*** Begin section ***
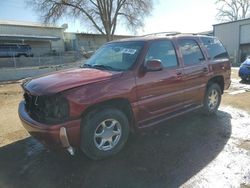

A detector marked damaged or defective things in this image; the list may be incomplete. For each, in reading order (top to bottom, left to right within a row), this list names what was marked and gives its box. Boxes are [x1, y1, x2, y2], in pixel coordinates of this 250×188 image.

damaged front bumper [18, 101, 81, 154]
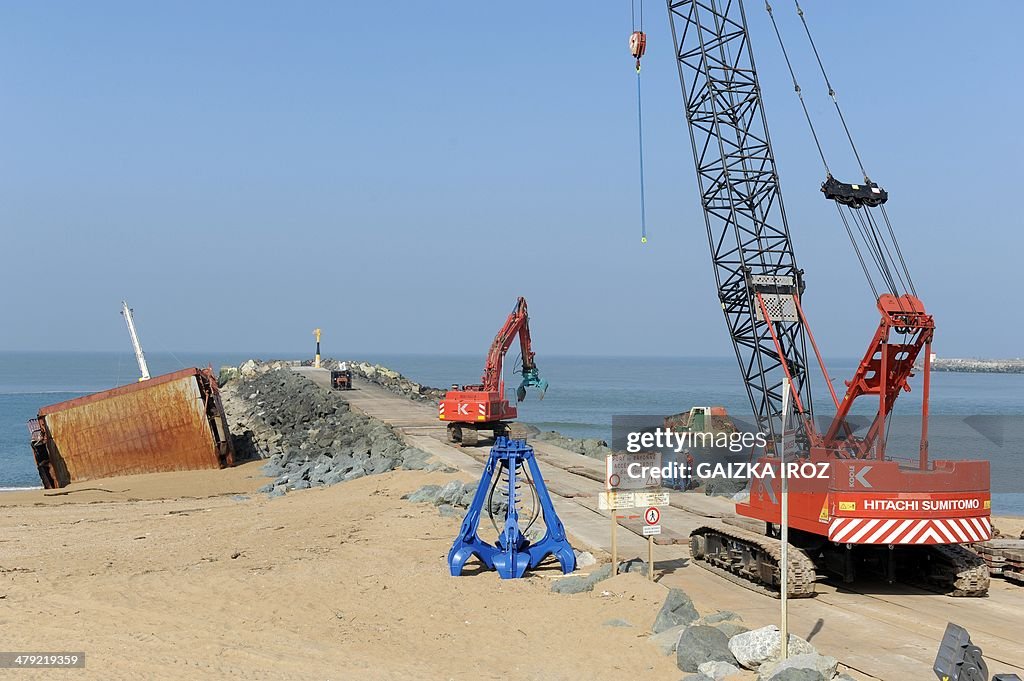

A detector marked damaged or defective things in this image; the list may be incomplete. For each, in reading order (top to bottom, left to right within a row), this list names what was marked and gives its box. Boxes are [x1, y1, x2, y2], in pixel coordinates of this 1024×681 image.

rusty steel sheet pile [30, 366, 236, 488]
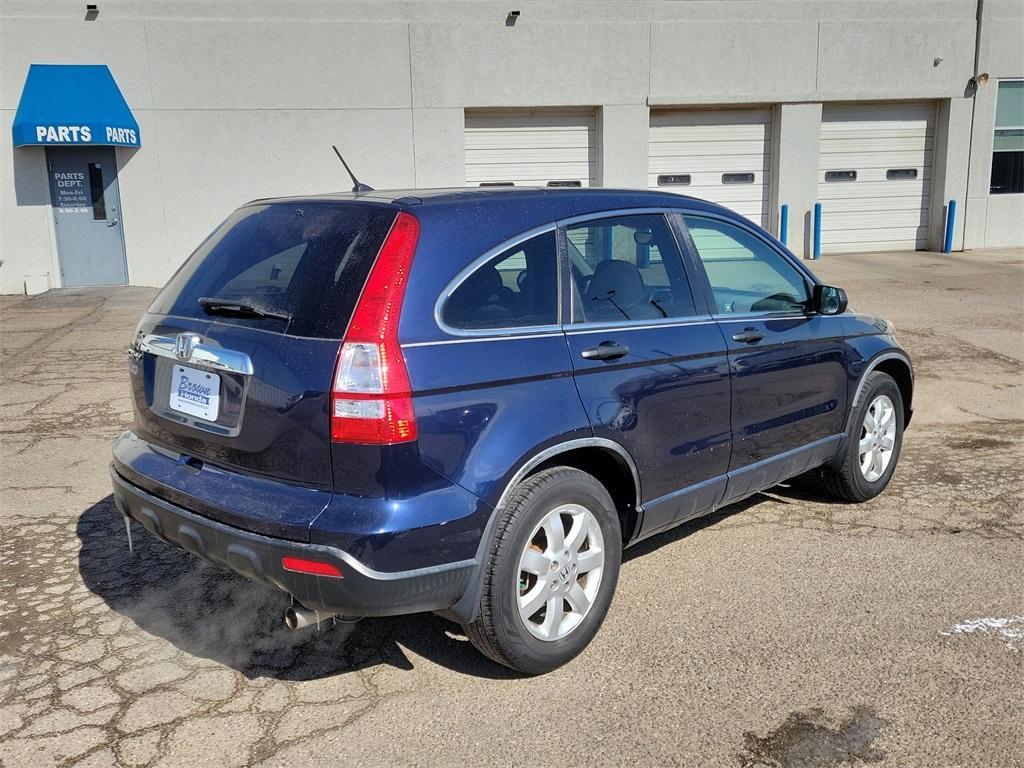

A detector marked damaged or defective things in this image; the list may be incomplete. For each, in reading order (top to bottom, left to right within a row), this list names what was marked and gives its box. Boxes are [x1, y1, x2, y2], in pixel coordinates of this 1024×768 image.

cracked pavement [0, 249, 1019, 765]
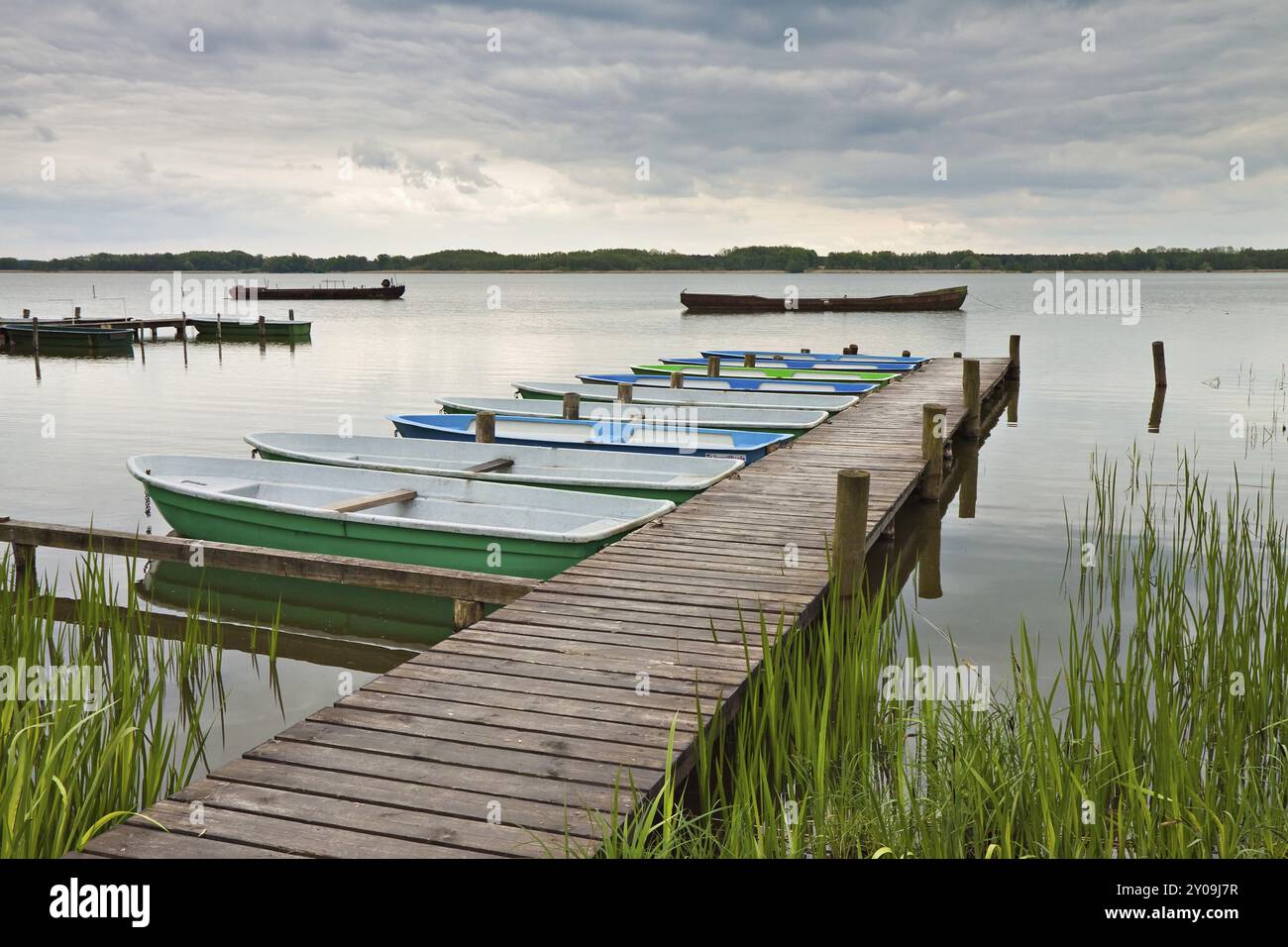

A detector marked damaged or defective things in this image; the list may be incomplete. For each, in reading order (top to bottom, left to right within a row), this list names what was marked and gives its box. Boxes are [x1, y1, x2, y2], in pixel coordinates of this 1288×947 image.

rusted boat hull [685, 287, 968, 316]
*** End section ***
Try it ▸
Reproduce each line, exactly as it appears, from the one that contains "this 1288×947 image." through the last line of the records. Add no other lines.

Solved problem ▸
A detector marked damaged or defective things in this image; the list may be incomplete. For each, in reading order (top to bottom, left to right within a row), this list names what was marked and gives its box. Boxes are [x1, y1, x2, y2], in pixel coordinates of this 1288×947 image.

rusted boat hull [685, 287, 968, 316]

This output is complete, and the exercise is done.